• [WHAT IS NEEDED] The answer is the data below, repeated exactly, with no pictures included.

• [DATASET SECTION]
++++++++
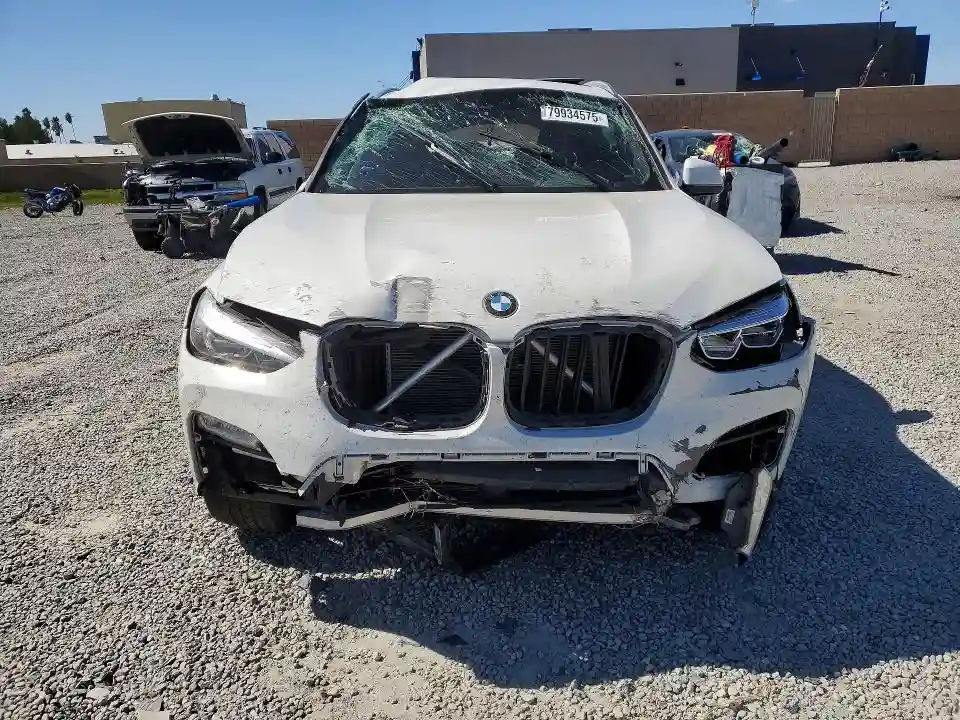 5UXTR9C50KLE21847 2019 BMW X3-4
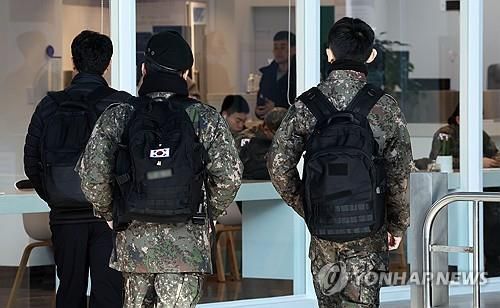 병사 월급 인상 (서울=연합뉴스) 김인철 기자 = 1일 서울역에서 군 장병들이 이동하고 있다. 2024.1.1     yatoya@yna.co.kr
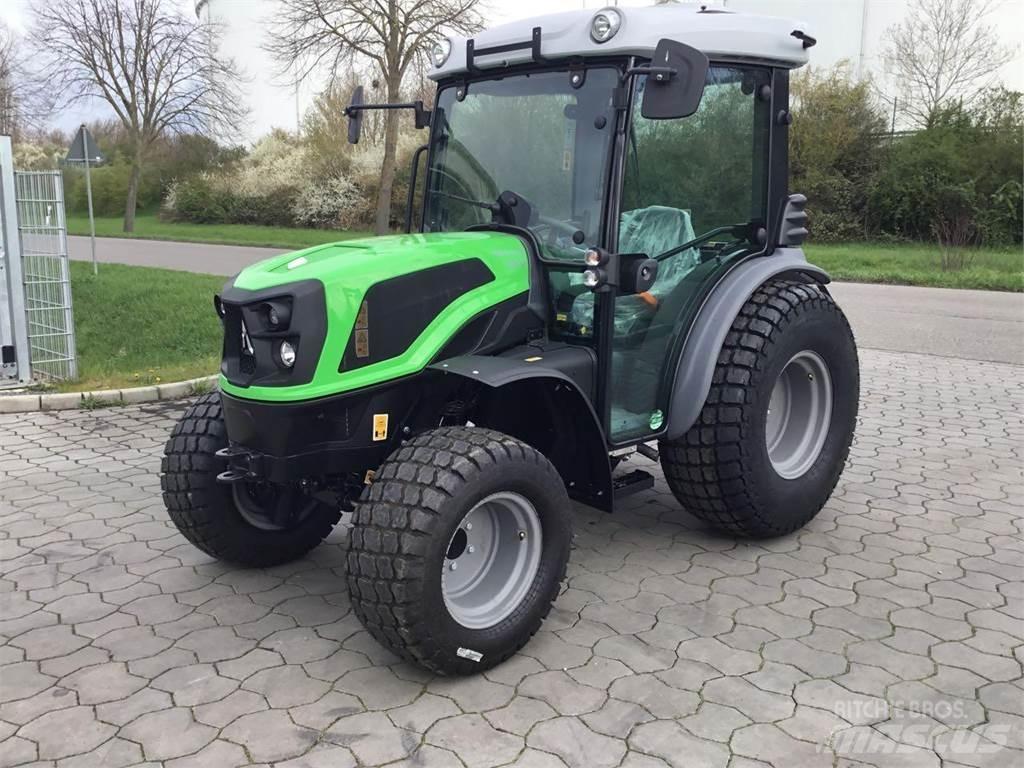 Deutz-Fahr 3050 Traktory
++++++++
• [RESPONSE TO THIS EXERCISE]
 5UXTR9C50KLE21847 2019 BMW X3-4
 병사 월급 인상 (서울=연합뉴스) 김인철 기자 = 1일 서울역에서 군 장병들이 이동하고 있다. 2024.1.1     yatoya@yna.co.kr
 Deutz-Fahr 3050 Traktory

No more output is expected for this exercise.